Poi c’è lo spettacolo...
«Quello mi diverte meno. Abolirei i tempi televisivi, ma capisco che è più importante interrompere, raccontare, parlare mentre ci alleniamo. Mi piacerebbe allenarci senza fermarci».
Sente la tensione?
«Un po’ sì. Ma la tv è servita anche per quello. Pure gareggiare è stressante, però mi piace. Anzi, credo che un giorno lo stress mi mancherà».
Certe volte Rosolino e la Titova sembrano due contro tutti...
«Lei, fra i maestri, è la più brava. L’ho seguita anche nel passato. E gli altri ci tirano contro apposta. Talvolta esagerano. Anche i giudici. Non ricordano mai che sia io sia lei abbiamo avuto problemi da risolvere».
Invece gli altri?
«Basta che qualcuno si metta a piangere, che faccia gli urletti quando passa il turno...».
Allude alla May?
«Basta vedere il programma per capire. Ogni tanto sono stupito: gente che ha vinto mondiali, medaglie olimpiche... Io mi comporto da atleta.

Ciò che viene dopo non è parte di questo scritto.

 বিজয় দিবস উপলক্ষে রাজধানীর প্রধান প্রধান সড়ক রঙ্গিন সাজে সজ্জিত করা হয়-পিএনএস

Anche l’ultima volta: ho vinto grazie al televoto, però mi sono imposto di non esultare o gioire, proprio per rispetto degli avversari».
E quando tornerà al nuoto?
«Mi ritroverò in quel mondo un po’ ruspante, ma rimasto indietro con i tempi».
Vale a dire?
«Io ho uno staff, sto attento alla dieta, uso il fisioterapista. Quando siamo in nazionale ti sembra di tornare indietro nel tempo. Curi la dieta, eppoi vai in posti dove non c’è neppure la pasta e mangi panini. Il nuoto è cresciuto a tutti i livelli. Non si può seminare solo con i risultati. Bisogna investire in altre cose».
È un malessere che, da qualche tempo, accompagna voi azzurri. Cosa succede?
«Manca un compromesso fra come siamo e come dovremmo essere. Serve una coccola, senza che diventi un vizio.

Devono darci certe cose, non perché ci spettano, ma perché servono. Ogni tanto viaggiamo con valigie pesanti 20 kg, ma 5 di questi sono generi alimentari. Li portiamo per stare tranquilli. Un problema a cui non dobbiamo pensare noi atleti. Ma un dietologo federale. Chiaro?».